Улыбаться разом расхотелось. Мартин понял — что-то случилось пока он был заперт, или, может быть, чуть позже. Картин, которые подкинуло щедрое даже спросонья воображение, хватило бы на порядочную галерею. Вот только кто захочет выставлять на суд светской публики такие шедевры?
Подходящих к случаю слов тоже не нашлось, пришлось просто вопросительно мычать, поглубже сползая под прикрытие одеяла. Меньше всего Мартин хотел, чтобы доктор сейчас видел его лицо.
— Я все же надеялся, что твои отношения с мистером Дворжаком принесут пользу, — сообщил Сорьонен почти невозмутимо, не запнувшись ни об опасное «отношения», не выразив несогласия с кандидатурой.
Вот только теперь такое поведение, единственно правильное, если имеешь дело с Франсом Мартином, почему-то задевало.
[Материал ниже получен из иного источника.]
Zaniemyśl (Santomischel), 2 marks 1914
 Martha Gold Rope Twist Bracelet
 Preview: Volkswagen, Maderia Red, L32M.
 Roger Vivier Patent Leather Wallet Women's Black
А может быть, доктор и не был так уж невозмутим. По голосу что-то определить было невозможно, а счастья лицезреть синеватое от страшного недосыпания лицо Кари Мартин уже сам себя лишил, пряча собственное.
— Пользу? — переспросил Мартин.
В голову пришло, с каким странным выражением смотрел Сорьонен на его синяки, в происхождении которых не усомнилась бы и монашенка. Пользу, значит. Может и принесли, теперь бы разобраться, чем она отличается от вреда.
Доктор хмыкнул. Мартин думал, что так паскудно хмыкать Сорьонен не умеет, потому что подобное выражение радости требовало наличия чувства юмора. Откуда оно могло взяться у доктора?
— Пользу, Франс, пользу. Но кое в чем ошибся, признаю.
— Ты уж извини, — Мартин, наконец, высунул голову из укрытия, решив, что отстаивать поруганную правоту лучше в открытую. В комнате наступило утро, и в окошко-бойницу протиснулся сероватый, и не скажешь что солнечный свет. — По-моему, это вообще какое-то неэффективное лечение.
— Надо же, — доктор улыбнулся. — Все вы одинаковые.
Мартин так удивился неуместности этого замечания, что позабыл уже придуманное доказательство своей точки зрения и уставился на доктора с искренним недоумением:
— Все?
— Пациенты, Франс. Тут ты, прости, нисколько не уникален. Пока верят в лечение — любят, а стоит ошибиться, или болезнь затянется — сразу же ненависть. Впрочем, твою мне видеть даже приятно.